Required work:
Transcribe word for word the lines below from the line with "LOOP, INOCULATING FLEX" through the line with "Fatbike accu model", ends included.

Short text fragments from websites:
§
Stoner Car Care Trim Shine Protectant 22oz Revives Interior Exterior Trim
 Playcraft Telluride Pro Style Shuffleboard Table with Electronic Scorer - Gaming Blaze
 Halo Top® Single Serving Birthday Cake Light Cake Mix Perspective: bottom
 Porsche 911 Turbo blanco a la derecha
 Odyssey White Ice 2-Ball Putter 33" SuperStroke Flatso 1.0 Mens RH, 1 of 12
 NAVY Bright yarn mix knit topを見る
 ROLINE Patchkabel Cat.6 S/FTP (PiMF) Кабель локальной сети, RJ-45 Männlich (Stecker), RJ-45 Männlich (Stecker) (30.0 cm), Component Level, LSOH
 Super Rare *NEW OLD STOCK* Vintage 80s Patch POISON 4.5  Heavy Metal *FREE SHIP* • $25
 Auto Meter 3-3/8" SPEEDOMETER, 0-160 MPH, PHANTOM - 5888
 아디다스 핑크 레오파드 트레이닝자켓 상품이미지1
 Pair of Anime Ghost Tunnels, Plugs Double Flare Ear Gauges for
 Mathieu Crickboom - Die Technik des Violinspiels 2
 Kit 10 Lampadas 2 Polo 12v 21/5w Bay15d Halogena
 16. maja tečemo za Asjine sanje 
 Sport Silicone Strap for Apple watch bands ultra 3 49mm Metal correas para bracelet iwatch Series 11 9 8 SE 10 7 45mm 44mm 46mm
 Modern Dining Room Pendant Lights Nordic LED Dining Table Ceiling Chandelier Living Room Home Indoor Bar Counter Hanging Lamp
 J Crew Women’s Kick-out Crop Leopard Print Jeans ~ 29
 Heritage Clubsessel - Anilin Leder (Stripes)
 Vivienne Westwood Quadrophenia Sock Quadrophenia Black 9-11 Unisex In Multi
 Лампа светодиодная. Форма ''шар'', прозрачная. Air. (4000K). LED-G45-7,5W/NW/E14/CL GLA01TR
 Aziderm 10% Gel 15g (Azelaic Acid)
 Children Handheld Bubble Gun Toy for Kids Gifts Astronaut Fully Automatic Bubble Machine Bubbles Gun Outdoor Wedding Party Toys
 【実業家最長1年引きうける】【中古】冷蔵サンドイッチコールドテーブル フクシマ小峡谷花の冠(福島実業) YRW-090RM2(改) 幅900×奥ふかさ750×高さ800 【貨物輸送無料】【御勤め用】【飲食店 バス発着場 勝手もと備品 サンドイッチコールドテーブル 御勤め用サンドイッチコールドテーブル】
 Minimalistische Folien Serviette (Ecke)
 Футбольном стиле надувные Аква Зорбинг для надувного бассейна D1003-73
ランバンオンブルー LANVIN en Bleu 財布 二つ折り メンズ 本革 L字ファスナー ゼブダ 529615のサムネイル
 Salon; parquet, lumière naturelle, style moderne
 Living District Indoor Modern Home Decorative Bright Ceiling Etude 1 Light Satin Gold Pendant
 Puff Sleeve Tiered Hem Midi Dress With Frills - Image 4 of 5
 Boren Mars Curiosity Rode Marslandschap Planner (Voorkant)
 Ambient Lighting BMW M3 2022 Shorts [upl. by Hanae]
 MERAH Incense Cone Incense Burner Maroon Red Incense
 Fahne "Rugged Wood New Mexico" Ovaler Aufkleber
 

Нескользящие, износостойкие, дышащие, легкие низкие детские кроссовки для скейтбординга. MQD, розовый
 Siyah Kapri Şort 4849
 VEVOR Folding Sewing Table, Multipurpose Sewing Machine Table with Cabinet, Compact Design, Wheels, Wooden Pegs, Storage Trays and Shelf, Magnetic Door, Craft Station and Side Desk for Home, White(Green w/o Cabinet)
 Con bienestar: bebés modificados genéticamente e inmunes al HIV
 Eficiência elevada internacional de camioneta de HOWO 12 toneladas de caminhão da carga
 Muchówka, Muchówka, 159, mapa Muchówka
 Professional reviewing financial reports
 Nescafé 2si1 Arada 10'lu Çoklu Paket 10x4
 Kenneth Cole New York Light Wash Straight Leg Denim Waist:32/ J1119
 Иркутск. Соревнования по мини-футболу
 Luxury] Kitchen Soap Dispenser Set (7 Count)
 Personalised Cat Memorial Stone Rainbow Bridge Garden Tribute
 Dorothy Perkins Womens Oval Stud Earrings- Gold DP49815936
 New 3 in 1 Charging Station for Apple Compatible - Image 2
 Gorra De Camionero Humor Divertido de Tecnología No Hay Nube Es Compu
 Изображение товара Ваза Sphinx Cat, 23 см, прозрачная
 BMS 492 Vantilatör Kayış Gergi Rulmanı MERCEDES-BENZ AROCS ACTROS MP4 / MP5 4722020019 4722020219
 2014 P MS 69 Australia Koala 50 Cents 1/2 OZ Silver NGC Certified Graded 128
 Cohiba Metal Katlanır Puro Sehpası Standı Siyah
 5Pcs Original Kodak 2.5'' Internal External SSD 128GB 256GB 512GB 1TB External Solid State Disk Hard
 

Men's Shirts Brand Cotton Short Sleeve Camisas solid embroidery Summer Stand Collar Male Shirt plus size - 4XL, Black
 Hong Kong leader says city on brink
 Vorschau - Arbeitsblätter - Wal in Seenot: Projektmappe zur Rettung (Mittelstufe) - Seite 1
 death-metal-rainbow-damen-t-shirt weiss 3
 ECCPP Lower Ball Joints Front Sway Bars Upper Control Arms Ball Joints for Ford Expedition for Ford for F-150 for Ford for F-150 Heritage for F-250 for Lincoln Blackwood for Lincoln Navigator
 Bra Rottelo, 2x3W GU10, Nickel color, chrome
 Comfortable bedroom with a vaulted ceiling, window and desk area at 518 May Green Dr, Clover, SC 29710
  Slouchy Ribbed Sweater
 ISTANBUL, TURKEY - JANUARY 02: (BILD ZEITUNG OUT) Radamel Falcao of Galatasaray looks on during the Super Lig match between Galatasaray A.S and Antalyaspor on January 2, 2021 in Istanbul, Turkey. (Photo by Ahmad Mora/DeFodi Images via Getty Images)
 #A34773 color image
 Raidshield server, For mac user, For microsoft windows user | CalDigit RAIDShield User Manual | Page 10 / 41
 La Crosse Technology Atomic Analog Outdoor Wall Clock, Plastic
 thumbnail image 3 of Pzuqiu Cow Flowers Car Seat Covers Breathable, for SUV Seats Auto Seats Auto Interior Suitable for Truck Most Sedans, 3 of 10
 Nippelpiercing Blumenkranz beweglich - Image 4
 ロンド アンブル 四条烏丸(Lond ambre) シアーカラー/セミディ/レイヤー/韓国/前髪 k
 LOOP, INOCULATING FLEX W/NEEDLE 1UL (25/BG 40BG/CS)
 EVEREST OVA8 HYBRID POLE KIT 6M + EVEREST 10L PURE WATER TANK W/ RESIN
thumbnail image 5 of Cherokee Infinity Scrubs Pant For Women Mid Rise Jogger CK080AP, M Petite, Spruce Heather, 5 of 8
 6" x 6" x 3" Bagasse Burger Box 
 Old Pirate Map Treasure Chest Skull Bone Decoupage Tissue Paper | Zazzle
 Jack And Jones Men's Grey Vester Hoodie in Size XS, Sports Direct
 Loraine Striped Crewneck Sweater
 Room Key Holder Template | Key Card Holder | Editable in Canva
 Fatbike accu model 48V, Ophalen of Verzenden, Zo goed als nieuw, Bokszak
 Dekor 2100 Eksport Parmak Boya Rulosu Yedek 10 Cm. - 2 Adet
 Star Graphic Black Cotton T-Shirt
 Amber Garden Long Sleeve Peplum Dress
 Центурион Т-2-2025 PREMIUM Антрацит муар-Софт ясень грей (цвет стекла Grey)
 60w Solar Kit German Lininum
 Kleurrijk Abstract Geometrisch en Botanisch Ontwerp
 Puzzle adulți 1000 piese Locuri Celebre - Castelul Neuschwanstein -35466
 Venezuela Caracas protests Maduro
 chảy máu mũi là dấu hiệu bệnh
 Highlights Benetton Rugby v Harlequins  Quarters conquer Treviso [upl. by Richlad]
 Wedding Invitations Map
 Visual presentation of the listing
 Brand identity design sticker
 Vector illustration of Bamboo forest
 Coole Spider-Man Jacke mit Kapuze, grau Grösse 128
§
Finished task:
 LOOP, INOCULATING FLEX W/NEEDLE 1UL (25/BG 40BG/CS)
 EVEREST OVA8 HYBRID POLE KIT 6M + EVEREST 10L PURE WATER TANK W/ RESIN
thumbnail image 5 of Cherokee Infinity Scrubs Pant For Women Mid Rise Jogger CK080AP, M Petite, Spruce Heather, 5 of 8
 6" x 6" x 3" Bagasse Burger Box 
 Old Pirate Map Treasure Chest Skull Bone Decoupage Tissue Paper | Zazzle
 Jack And Jones Men's Grey Vester Hoodie in Size XS, Sports Direct
 Loraine Striped Crewneck Sweater
 Room Key Holder Template | Key Card Holder | Editable in Canva
 Fatbike accu model 48V, Ophalen of Verzenden, Zo goed als nieuw, Bokszak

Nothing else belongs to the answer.